Economic stimulus, can it overcome the budget deficit?

KN-JAKARTA, It’s common knowledge that state finances are in dire straits. Spending is bloated, but coffers are tight. In the interim realization report for the 2025 State Budget, released last January, state revenues amounted to IDR 2,756.3 trillion, or 91.7 percent of the planned amount. Meanwhile, spending reached IDR 3,451.4 trillion, or 95.3 percent of the planned amount. As a result, a deficit of IDR 695.1 trillion occurred.

This deficit figure is equivalent to 2.92 percent of gross domestic product (GDP). According to Law Number 17 of 2003 concerning State Finances, this deficit is still below the maximum threshold of 3 percent.

In other words, it’s still safe. However, when compared to the 2025 State Budget target, which sets a deficit of 2.78 percent of GDP, the actual figure has widened, almost exceeding the safe limit.
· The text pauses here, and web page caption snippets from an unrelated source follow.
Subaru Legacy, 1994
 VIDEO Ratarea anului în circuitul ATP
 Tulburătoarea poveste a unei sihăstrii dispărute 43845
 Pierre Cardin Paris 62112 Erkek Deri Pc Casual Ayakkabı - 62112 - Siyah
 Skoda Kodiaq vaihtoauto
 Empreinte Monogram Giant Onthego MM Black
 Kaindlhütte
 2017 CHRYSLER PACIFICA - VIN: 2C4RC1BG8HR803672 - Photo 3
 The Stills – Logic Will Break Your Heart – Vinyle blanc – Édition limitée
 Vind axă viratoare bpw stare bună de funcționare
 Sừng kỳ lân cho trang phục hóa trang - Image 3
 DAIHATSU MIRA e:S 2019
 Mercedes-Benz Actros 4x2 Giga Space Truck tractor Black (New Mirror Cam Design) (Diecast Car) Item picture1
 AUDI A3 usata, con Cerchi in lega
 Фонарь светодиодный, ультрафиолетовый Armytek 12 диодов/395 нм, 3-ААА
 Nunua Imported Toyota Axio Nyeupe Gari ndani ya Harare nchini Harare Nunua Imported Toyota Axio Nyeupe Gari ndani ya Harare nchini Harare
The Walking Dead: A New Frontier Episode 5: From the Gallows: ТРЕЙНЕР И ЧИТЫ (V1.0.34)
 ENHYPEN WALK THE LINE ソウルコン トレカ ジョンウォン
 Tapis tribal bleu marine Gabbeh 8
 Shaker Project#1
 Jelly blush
This situation is a concern for many. On the one hand, President Prabowo Subianto refuses to curb spending on his planned projects, such as free nutritious meals, defense spending, funding for red and white village cooperatives, or major projects to be carried out under the umbrella of the Daya Anagata Nusantara Investment Management Agency (Danantara).

This year, the government will disburse Rp 3,842 trillion in state spending, an 8.9 percent increase compared to the 2025 target.

On the other hand, the realization of the Rp 3,153.6 trillion state revenue target, a 10 percent increase from the 2025 outlook, remains questionable. This is especially true with statements from economists, entrepreneurs, and company executives about the sluggish economy.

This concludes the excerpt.